Les trois Thiers. — M. Thiers à l’Académie.
— La redingote grise.

M. Thiers a déjà lassé plusieurs générations de biographes. La première moitié de sa vie est toute plongée dans la légende…

Un de mes amis, de mon âge à peu près, me disait l’autre jour :

— Il y a trois Thiers à mes yeux, très distincts tous les trois : le Thiers de mon grand-père, le Thiers de mon père, et mon Thiers à moi.

— Bon ! dis-je en souriant, cela me rappelle la pièce de vers de Voltaire qui commence ainsi :

Dans ce pays trois Bernard sont connus.

— Ne croyez pas que je plaisante, reprit mon ami ; soyez persuadé que mon cas, comme on dit aujourd’hui, est celui de bien des gens.

— Vovons donc vos trois Thiers.

— Le premier, celui de mon grand-père, m’apparaît, à travers des récits coupés, comme un jeune Provençal enjoué, figure ronde, lauréat d’Académie, agile, actif, à court d’argent, mais non à court de ressources, allant du premier jour aux relations utiles, à Manuel, à Laffite, au Constitutionnel, même à quelques salons aristocratiques ; journaliste le matin, historien le soir, — historien de valeur, — étant arrivé juste à temps pour recueillir la tradition révolutionnaire sur les lèvres mêmes d’un grand nombre des acteurs de la grande époque ; voyant finir M. de Talleyrand et commencer Armand Carrel ; empruntant quelque chose de leurs allures à tous les deux. Viennent les événements, ils ne laisseront pas le jeune Thiers en route. Louis-Philippe lui doit un rude coup de main pour l’édification de son trône ; le roi ne se montrera pas ingrat.

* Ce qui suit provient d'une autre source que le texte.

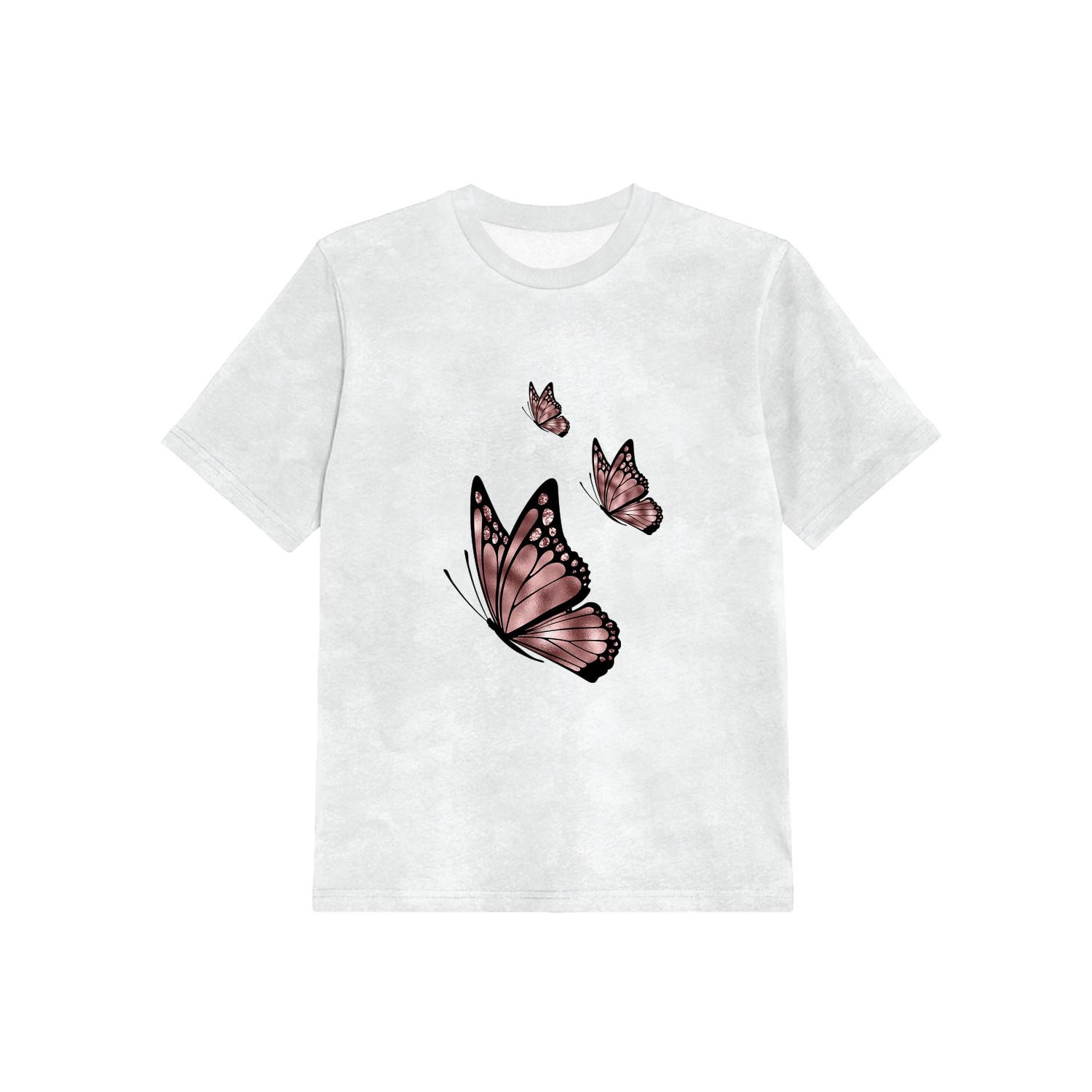 KID’S T-SHIRT - BUTTERFLY pat. 3 (GLITTER BUTTERFLIES) - single jersey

Voilà M. Thiers conseiller d’État, secrétaire au ministère des finances, député. Il monte à la tribune ; on sourit ; on s’étonne de sa voix aigrelette, mais on l’écoute ; et comment ne l’écouterait-on pas ? Il parle sinon d’or, du moins d’argent, couramment, sans s’arrêter, imperturbable devant l’interruption, empruntant des forces nouvelles à la riposte, prêt à tous les sujets, jonglant avec des chiffres comme un jongleur avec des poignards et arrivant aux mêmes effets d’éblouissement. On sent déjà en lui un dominateur, car le succès est toujours à celui qui parle le plus longtemps, et le Thiers d’alors était l’homme à pérorer pendant vingt-quatre heures de suite.

Il est ministre ! J’entends encore mon grand-père taper sur sa tabatière en disant : « Eh ! eh ! ce petit Thiers : je l’avais prévu… il fera son chemin… il a des capacités ! » Pourtant, de temps à autre, ce petit Thiers l’agace, l’irrite ; — mais il ne l’ennuie pas, c’est le principal. Et puis, s’il faut tout avouer, s’il faut révéler le secret de la faiblesse de mon grand-père, le bon vieillard sent en M. Thiers un disciple de Voltaire, c’est-à-dire un coreligionnaire en philosophie. Cela lui fait passer par-dessus bien des choses et bien des compromis politiques. — Cependant, à côté du pétulant Thiers se dresse le froid Guizot, et déjà commence un antagonisme qui ne cessera pas. Tout enfant que je suis, j’ai la tête cassée par ces deux noms : Thiers et Guizot ! Le gouvernement de Louis-Philippe ne sort pas de là. Et mon grand-père de froisser son Journal chaque matin pour apprendre qui de l’un ou l’autre occupe le ministère. Voilà la vision qui me reste de ce temps.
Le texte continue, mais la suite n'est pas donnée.